The giant chipmaker has expanded its radio access network ambitions and is on the prowl for 5G software talent.

Iain Morris, International Editor

March 18, 2024

8 Min Read
Nvidia CEO Jensen Huang on stage
Nvidia CEO Jensen Huang is the man of the moment in the technology sector.(Source: Nvidia)

Telecom executives are looking at Nvidia with a mixture of wonder and trepidation. The chipmaker's share price seemed like an ever-ascending helium balloon when it hit $974 on March 8. While it has subsequently dropped to less than $880, Nvidia's stock is still up 216% in just two years, valuing the company at about $2.2 trillion today. It has profited from the insatiable hyperscaler appetite for its graphics processing units (GPUs), chips serendipitously suited to be the trainers of generative artificial intelligence (AI). But it also has telecom in its GPU sights.

The basic idea is that an Nvidia GPU could be used for both AI and telco workloads at the network "edge," a catchall for smaller facilities that would bring IT resources closer to end users. In the old, pre-AI world, an equipment vendor like Ericsson or Nokia would provide all the purpose-built 5G products for a particular site. As a potential usurper, Nvidia is perhaps the most muscular challenge those incumbents have faced.

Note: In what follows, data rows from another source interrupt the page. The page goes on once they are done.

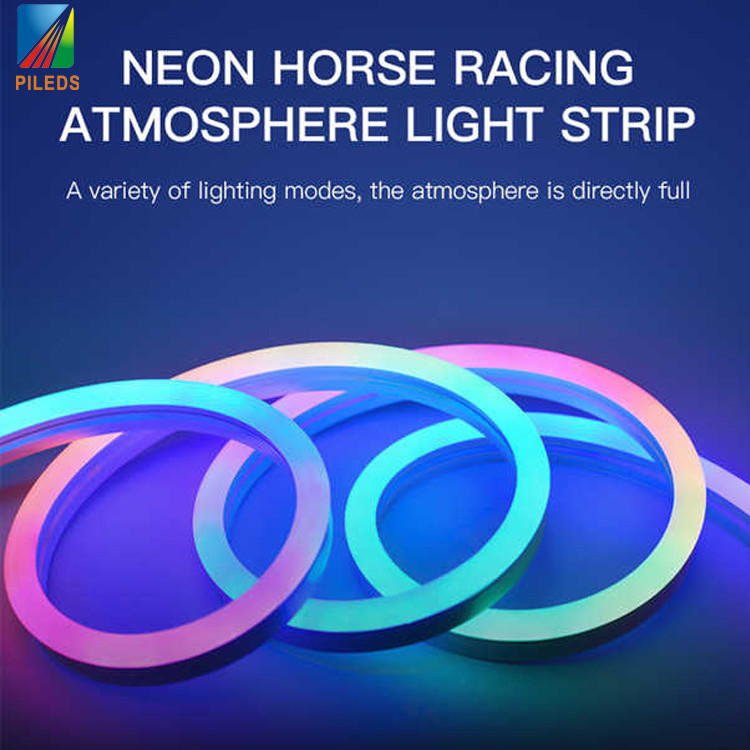 Flexible Addressable RGB LED Neon Flex With Remote Music Controller OEM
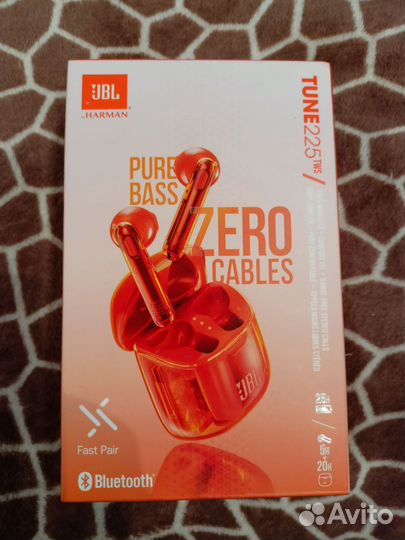 Блютуз наушники jbl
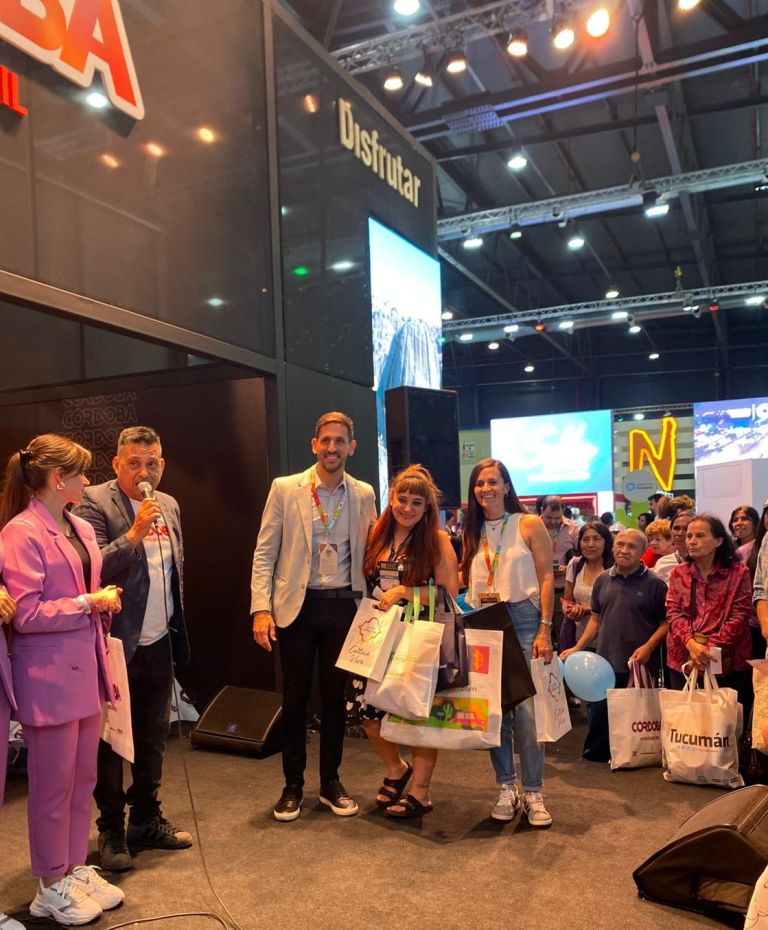 Alta Gracia dijo presente en la Feria Internacional de Turismo 2024 ...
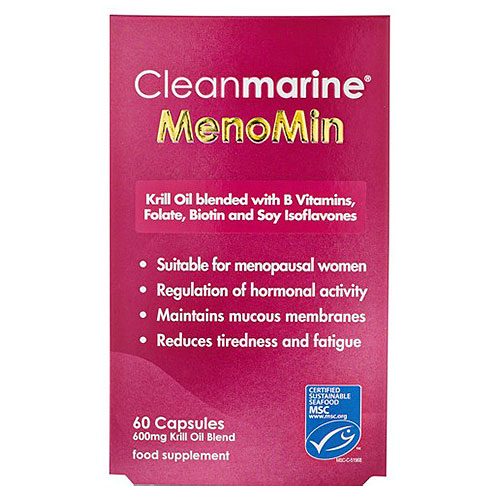 Cleanmarine MenoMin Capsules (60&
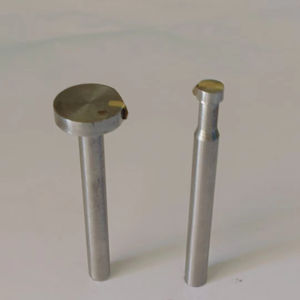 Diamant naturel jaune brillant CVD de haute qualité, mini-volant d'inertie, 1 mm, outil efficace, équipement élégant pour bijoux, EAGLION FT Jewelry - Product Image 1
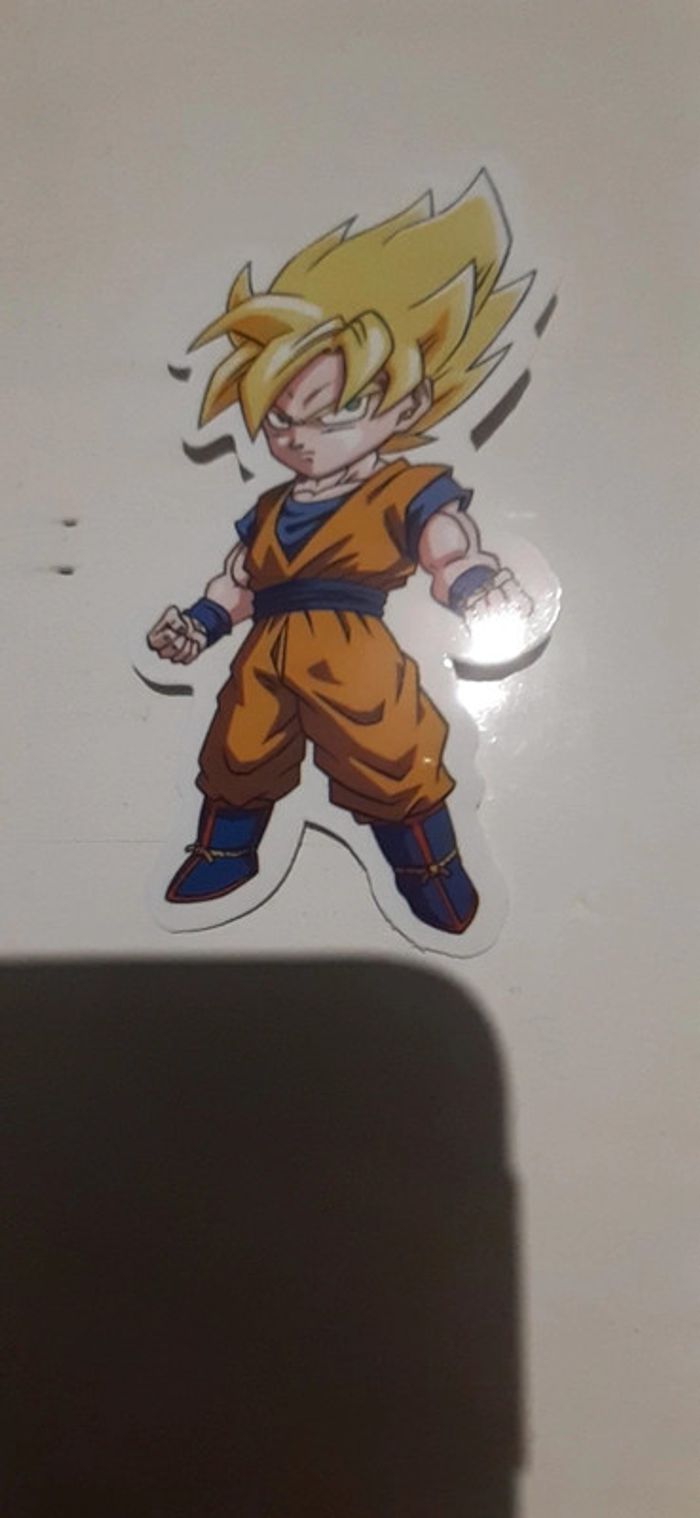Sticker dragonball z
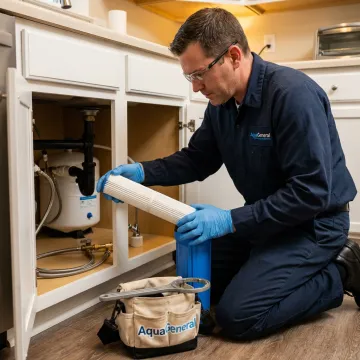 Water Filter Replacement Services
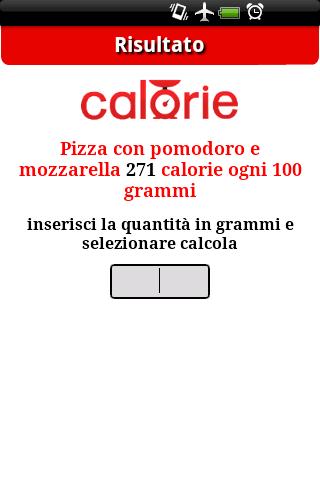 Calorie.it mobile 0.1a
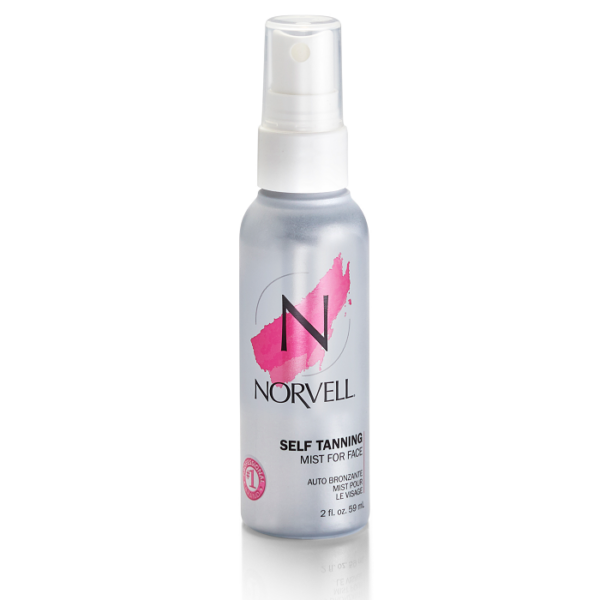 Norvell Bronzer 4 Faces kasvoille ja käsille itseruskettava spray vaalealle iholle 60ml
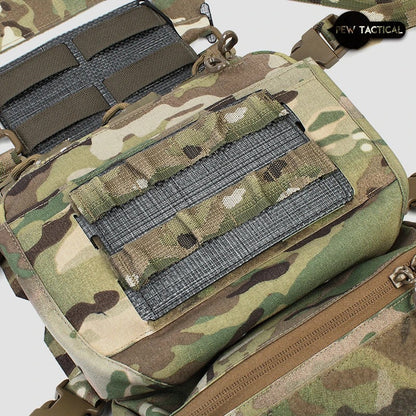PEW TACTICAL ADAPT MOLLE Panel DOPE Front Flap (UA49)
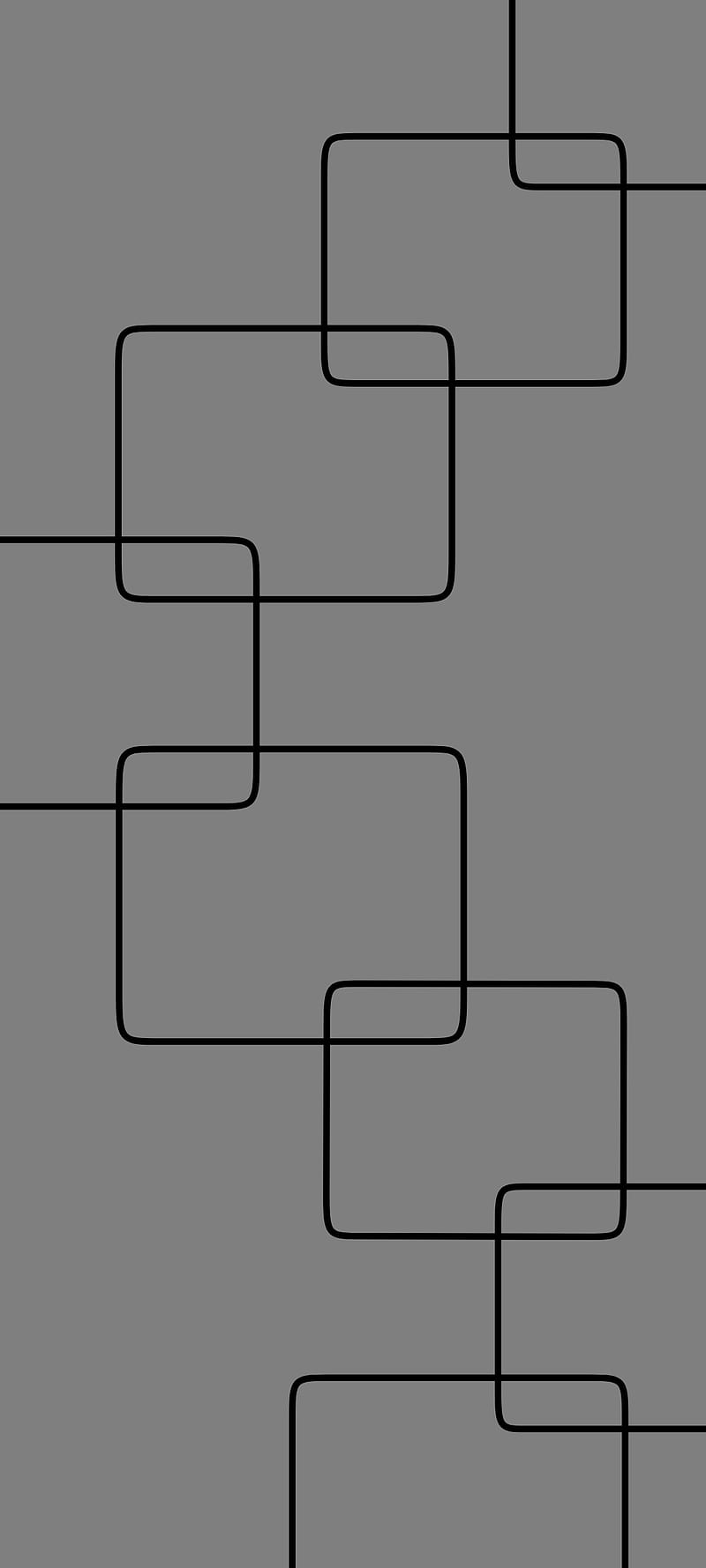 Caja gris, patrón, Fondo de pantalla de teléfono HD | Peakpx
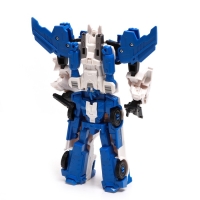 Набор роботов &laquo;Полицейский&raquo;, трансформируются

A couple of trends now favor Nvidia and other companies that hail from an IT rather than classical telecom background. The first is virtualization, the ability to run network functions on standard computing chips – shared with other workloads – instead of dedicated hardware. The other is the concept of the open radio access network (RAN). Older, proprietary interfaces forced an operator to buy all the products for a site from the same supplier's system. That prevented specialists from catering directly to a telco. With open RAN, they can theoretically be slotted in next to other suppliers.

Nvidia seemingly has no interest in building the radios that gobble up more than half of telco spending on the RAN. But it is developing both the chips and software that could be installed in an operator's central and distributed units (CUs and DUs), the server boxes that host network functions. In a virtual RAN, a telco would run the software on a mixture of general-purpose central processing units (CPUs) and specialist silicon. Through a superchip branded Grace Hopper, Nvidia has both.

Aerial takes flight

The Grace part is essentially a CPU based on the blueprints of Arm, a UK-based chip designer that represents the main architectural alternative to Intel's x86 platform. In the Nvidia setup, this would look after data link functions, commonly referred to as Layer 2 or the MAC in sector parlance, as well as some higher-layer software. Hopper, the GPU part of the superchip, would deal with Layer 1 or the PHY, the software hungriest for IT resources.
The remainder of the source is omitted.